Once the line with "Parti med ryddesager" is found, repeat it and all later lines exactly through the end of the listing below, with the pictures left out.

### RAW DATA

Start of Block

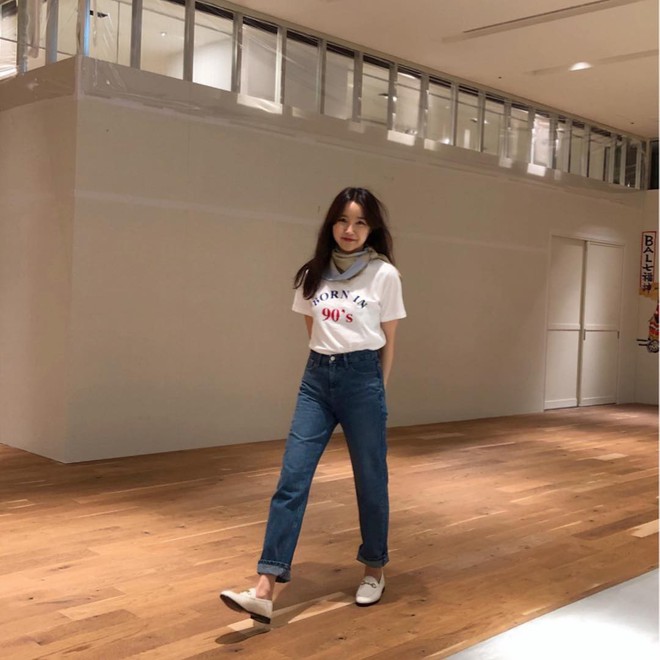 Nếu bạn thấy diện sneaker l&agrave;m ch&acirc;n ngắn đi th&igrave; đ&acirc;y l&agrave; 4 kiểu gi&agrave;y bệt cũng thoải m&aacute;i kh&ocirc;ng k&eacute;m m&agrave; lại t&ocirc;n ch&acirc;n d&agrave;i triệt để - Ảnh 12.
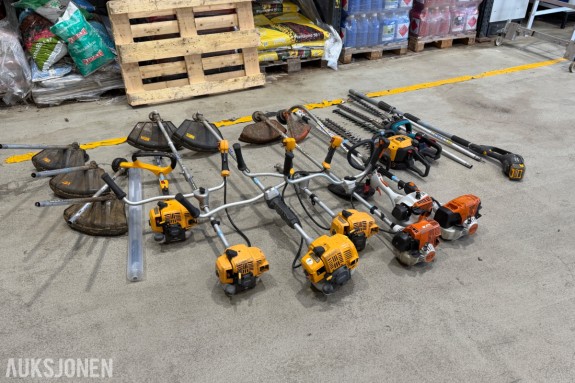 Parti med ryddesager og hekkesakser - Stihl, Stiga, Makita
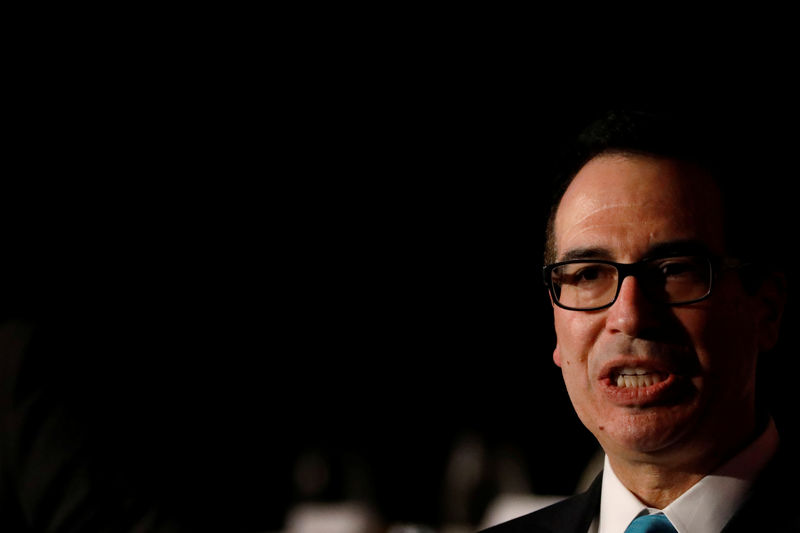 © Reuters. U.S. Treasury Secretary Steven Mnuchin speaks during a moderated discussion before the Economic Club of New York, in New York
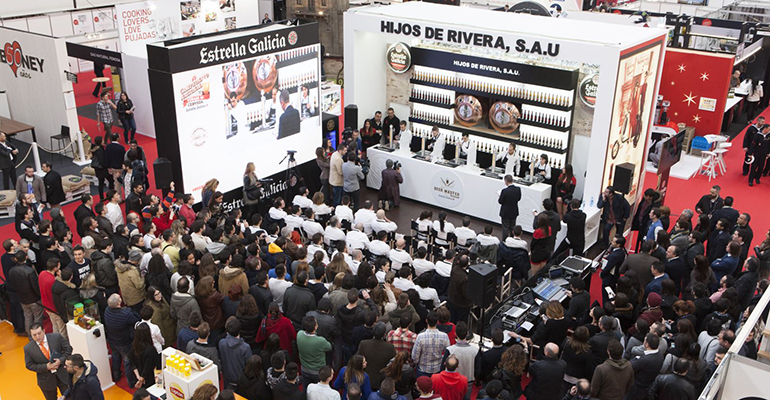 Concurso de tiraje de cerveza en forum gastronómico coruña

End of Block

### RESPONSE AREA
 Parti med ryddesager og hekkesakser - Stihl, Stiga, Makita
 © Reuters. U.S. Treasury Secretary Steven Mnuchin speaks during a moderated discussion before the Economic Club of New York, in New York
 Concurso de tiraje de cerveza en forum gastronómico coruña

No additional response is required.